Posted by Andy Singleton on Mon, Oct 03, 2011 @ 10:08 PM
 

Assembla tickets now include a new field for tracking the total estimated work for a ticket. You can use this information on the Agile Planner, Milestones, list reports, and Burndown chart.  This article will explain how to turn on Assembla’s new estimating features and try them out.

Turn on estimates:

estimate settingsBy default, estimates are turned off.  We didn’t want to make the system more complicated for the majority of users that don’t do estimating.  To turn estimating on, go to Tickets/Settings, scroll to the bottom, and find the panel for “Estimation”.  Choose from three estimating metrics:

1) Time: Enter your estimates as hours or days.

2) Points: Points don’t have any predefined units, and you learn through observation how many points fit into an iteration.

3) Size (Small / Medium / Large): These three choices make it easier and faster to enter estimates and are almost as accurate as more detailed estimates.  On the Agile Planner you can see them graphically as bars.  Internally we represent these as 1, 3, and 9 points.

Once enabled, you will see a new “Estimate” field on your tickets.

How to enter estimates:

  • Create/edit a ticket and enter an estimate in the field.
  • Using the Agile Planner view, you can edit estimates on the ticket lines by clicking on the current estimate.
estimates

Ways to use estimates:

Planning Milestones and Scrum Iterations

On the Agile Planner, you can open milestones in the milestones column and edit the estimates for each ticket in the milestone or iteration.  You will see a sum for the milestone or iteration on the milestone bar.

Sizing Features

You can use the Agile Planner to move tickets into the Story/Feature column, and then add subtasks.  The Agile Planner will show you the total work estimate for each top level Story or Feature.

Monitoring Capacity of a Kanban Column

On top of each column in the Cardwall view you will see two numbers representing the ticket count and the sum of estimates.  This helps you to run a traditional Kanban process where you control the amount of work in each column.  For example, if you see a lot of tasks or a lot of points in the “test” column, you might slow down development and ask some developers to work on testing.  This prevents work from getting stuck “in inventory” and maximizes the speed of completing work.

cardwall estimate

Seeing Burndown Progress

You can now display a Burndown chart that shows the total estimate for remaining open tickets.

Reporting

In the list of filters, you can now show fields for estimate, work remaining, and work invested.  You can export this data to spreadsheets to compare estimated to actual. 

You can also show the sum of child estimates and sum of child work remaining.

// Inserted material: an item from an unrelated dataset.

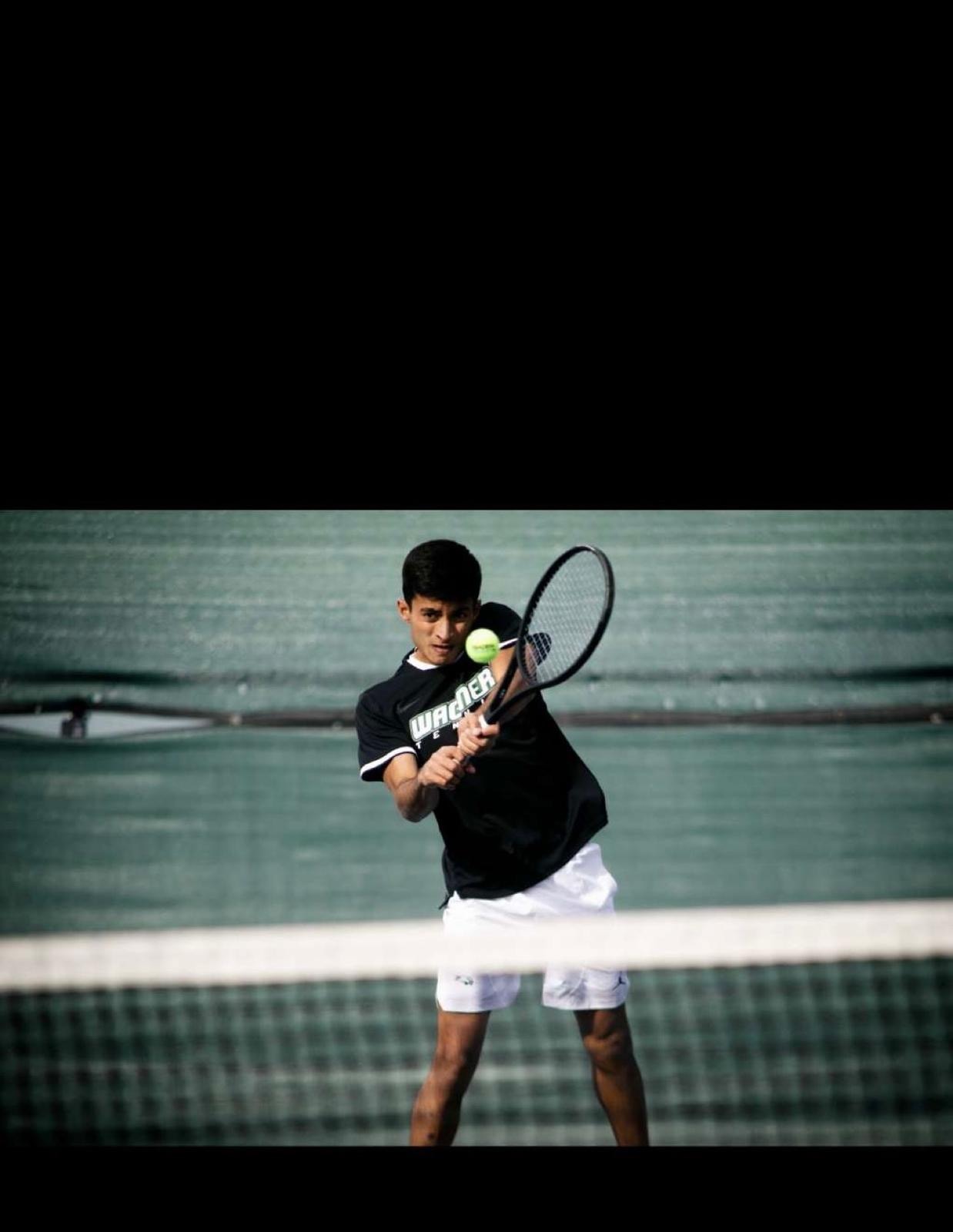 TJ coaching on the tennis court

These show the total estimate and work remaining for stories/features that incudes the sum of the parent ticket and all associated "child" tickets. 

estimate fields

TODO – some things we are working on for the next release

  • For each milestone, display the total estimates and time invested
  • Allow entering of estimates from the ticket popup menu
  • Show estimates on the cardwall cards

Three ways to track work

We now have three ways of looking at a quantity of work: estimate, time invested, estimated work remaining. 

Time invested is the historical sum of the hours that you entered.  We keep this data as it is entered on the time sheet. With the most recent enhancements, we report on it by milestone and by story/feature/parent ticket.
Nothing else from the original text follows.